(Beginning of The data)

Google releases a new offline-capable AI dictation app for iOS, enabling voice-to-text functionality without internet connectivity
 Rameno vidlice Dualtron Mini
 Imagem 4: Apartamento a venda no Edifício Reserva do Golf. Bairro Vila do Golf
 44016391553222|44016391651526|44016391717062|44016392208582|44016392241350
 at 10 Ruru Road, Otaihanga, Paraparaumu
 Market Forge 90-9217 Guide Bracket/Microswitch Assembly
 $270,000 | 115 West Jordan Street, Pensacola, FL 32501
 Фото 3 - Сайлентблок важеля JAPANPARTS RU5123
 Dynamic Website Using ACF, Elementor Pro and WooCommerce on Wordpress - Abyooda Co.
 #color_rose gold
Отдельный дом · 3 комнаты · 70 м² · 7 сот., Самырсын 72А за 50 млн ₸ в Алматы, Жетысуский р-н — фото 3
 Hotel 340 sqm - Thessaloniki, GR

(End of The data)

Once the line with "Pensacola, FL 32501" is located in the data above, repeat it and every later line through the end, exactly.

 $270,000 | 115 West Jordan Street, Pensacola, FL 32501
 Фото 3 - Сайлентблок важеля JAPANPARTS RU5123
 Dynamic Website Using ACF, Elementor Pro and WooCommerce on Wordpress - Abyooda Co.
 #color_rose gold
Отдельный дом · 3 комнаты · 70 м² · 7 сот., Самырсын 72А за 50 млн ₸ в Алматы, Жетысуский р-н — фото 3
 Hotel 340 sqm - Thessaloniki, GR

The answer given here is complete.